A final order is defined by R.C. 2505.02 as "an order that affects a substantial right in an action which in effect determines the action." A final order determines the whole case, or a distinct branch thereof, and reserves nothing for future determination, so that it will not be necessary to bring the cause before the court for further proceedings. Catlin v. UnitedStates (1945), 324 U.S. 229, 233; Lantsberry v. Tilley Lamp Co. (1971), 27 Ohio St. 2d 303, 306; Teaf v. Hewitt (1853), 1 Ohio St. 511,520; Coey v. U.S. Health Corp., (Mar. 18, 1997), Scioto App. No. 96CA2439, unreported.

A trial court's finding that its judgment is a final appealable order is not binding upon this court. Ft. Frye Teachers Assn. v.Ft. Frye Local School Dist. Bd. of Edn. (1993), 87 Ohio App. 3d 840,843, fn. 4, citing Pickens v. Pickens, (Aug. 27, 1992), Meigs No. 459, unreported. See, also, Noble v. Colwell (1989),44 Ohio St. 3d 92, 96.

R.C. 2505.02 provides in relevant part that an order is final and appealable if it "affects a substantial right in an action that in effect determines the action and prevents a judgment." R.C. 2505.02(B)(1). However, when Civ.R. 54(B) applies, the order must comply with both R.C. 2505.02 and Civ.R. 54(B) before it can be deemed a final appealable order. Noble at 96; Minix v.Collier, (July 16, 1999), Scioto App. No. 98CA2619, unreported.

Civ.R. 54(B) provides that "when more than one claim for relief is presented in an action * * * the court may enter final judgment as to one or more but fewer than all of the claims or parties only upon an express determination that there is no just reason for delay." Civ.R. 54(B). Thus, when the trial court renders a judgment resolving one or more claims, but leaving other claims unresolved, Civ.R. 54(B) applies and the order must comply with both R.C. 2505.02 and Civ.R. 54(B) before an appellate court can review the judgment. See Noble at 96. Civ.R. 54(B) makes use of the "no just reason for delay" language mandatory. Id., citing Jarrett v. Dayton Osteopathic Hosp., Inc. (1985), 20 Ohio St. 3d 77, syllabus. Unless those words appear, the order cannot be either final or appealable. Noble at 96.

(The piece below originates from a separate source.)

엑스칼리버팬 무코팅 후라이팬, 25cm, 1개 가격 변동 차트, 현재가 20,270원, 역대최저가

In this case, Heskett brought one counterclaim with two separate claims for relief before, the trial court. Although the trial court only resolved one of Heskett's claims for relief, the trial court expressly stated that its judgment was a final appealable order. However, the trial court did not employ the "no just reason for delay" language as required by Civ.R. 54(B) The absence of the Civ.R. 54(B) language, in the presence of a resolution of only one of Heskett's two claims, renders the order not final or appealable. Therefore, we need not reach the question of whether the judgment affected a "substantial right" pursuant to R.C. 2505.02.

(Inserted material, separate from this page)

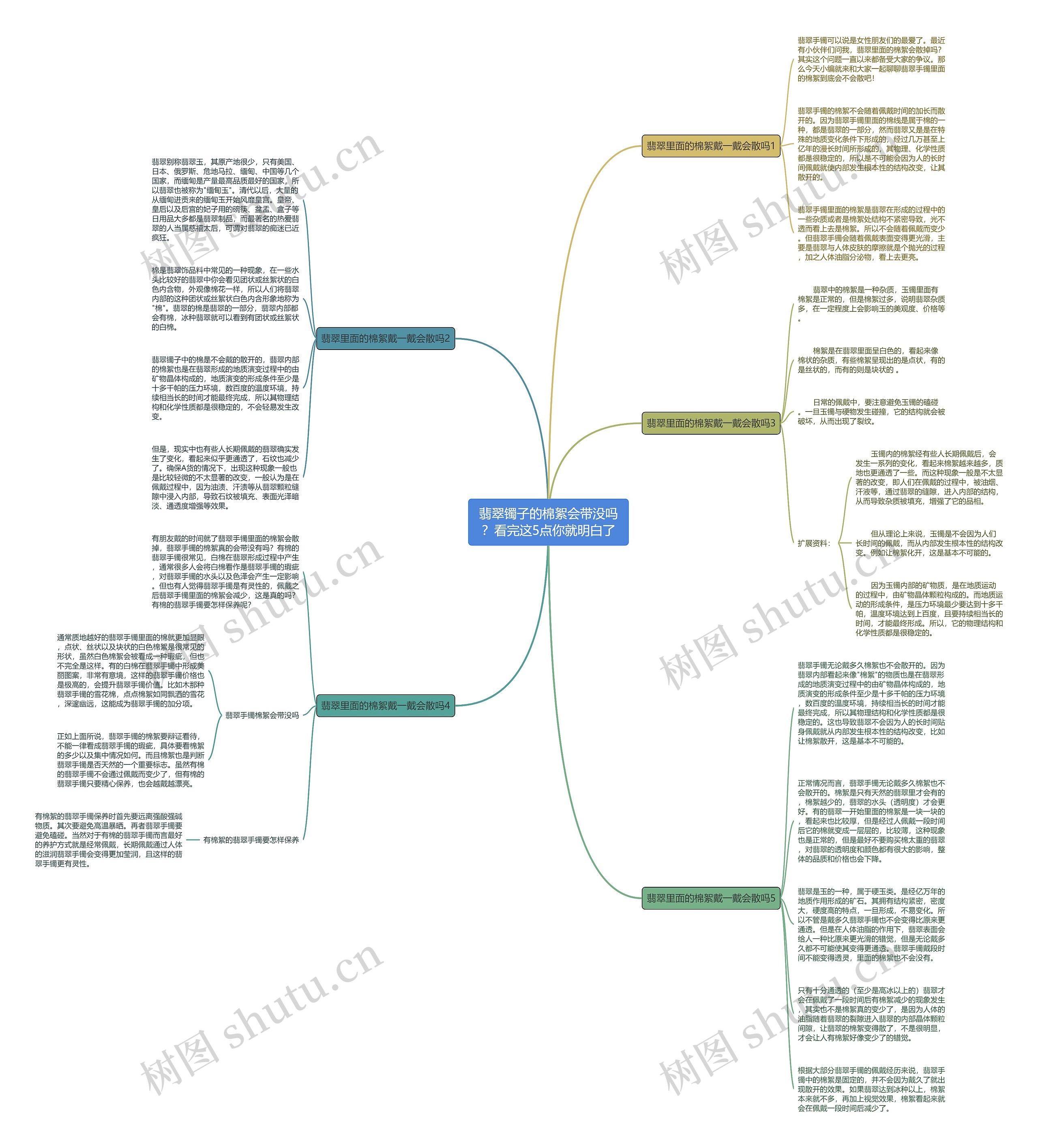 翡翠镯子的棉絮会带没吗？看完这5点你就明白了思维导图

This court does not possess jurisdiction over an appeal from a judgment that is not a final appealable order. Consequently, we must sua sponte dismiss Heskett's appeal.

APPEAL DISMISSED.

JUDGMENT ENTRY It is ordered that the APPEAL BE DISMISSED and that Appellee recover of Appellant costs herein taxed.

The Court finds there were reasonable grounds for this appeal.

It is ordered that a special mandate issue out of this Court directing the ATHENS COUNTY COURT OF COMMON PLEAS to carry this judgment into execution.

Any stay previously granted by this Court is hereby terminated as of the date of this entry.

A certified copy of this entry shall constitute the mandate pursuant to Rule 27 for the Rules of Appellate Procedure. Exceptions.

Abele, J. and Harsha, J.: Concur in Judgment and Opinion.

For the Court

BY: ____________________ PRESIDING JUDGE ROGER L. KLINE

NOTICE TO COUNSELPursuant to Local Rule No. 14, this document constitutes a finaljudgment entry and the time period for further appeal commencesfrom the date of filing with the clerk.